Get a free POC

When Encryption Isn’t the Problem: Breaking Client-Side Encrypted Architectures the Right Way

~Basavaraj B Banakar, February 12, 2026

Cyber Security Blogs >> Secrets In Code >>Enhancing Web Security
Introduction
The Setup
The First Shift in Thinking
Finding the Real Attack Surface
The First Finding
The Second Finding
The Core Lesson

For a long time, encrypted applications have had a strange psychological effect on security testers.

Once traffic looks encrypted, many people subconsciously slow down.
 Some stop entirely.

“This is end-to-end encrypted.”
 “There’s nothing meaningful we can test.”
 “It’s all handled by an SDK.”

This blog is about why that mindset is dangerous — and how an encrypted client + proxy architecture led us to uncover two high-impact security issues: full request/response visibility at runtime and a server-side request forgery vulnerability.

Not by breaking encryption — but by understanding where trust actually lives.

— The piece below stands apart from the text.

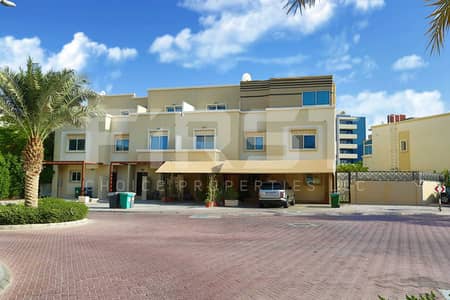 2 Bedroom Villa for Rent in Al Reef, Abu Dhabi - External Photo of Arabian Village Al Reef Villas Al Reef Abu Dhabi UAE (12) - Copy. jpg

The Setup: An Embedded SDK and a Proxy

The architecture looked clean on paper:

  • Applications create request objects in plaintext
  • The SDK encrypts request data on the client
  • Encrypted data is sent to a proxy server
  • The proxy decrypts, forwards the request, encrypts the response
  • The SDK decrypts the response and hands it to the app

From a network perspective:

  • All traffic was encrypted
  • Payloads were unreadable
  • TLS + application-level encryption were both in place

At first glance, this looked like a hard stop.

It wasn’t.

The First Shift in Thinking: Stop Attacking Crypto

One of the most important lessons here was realizing what not to attack.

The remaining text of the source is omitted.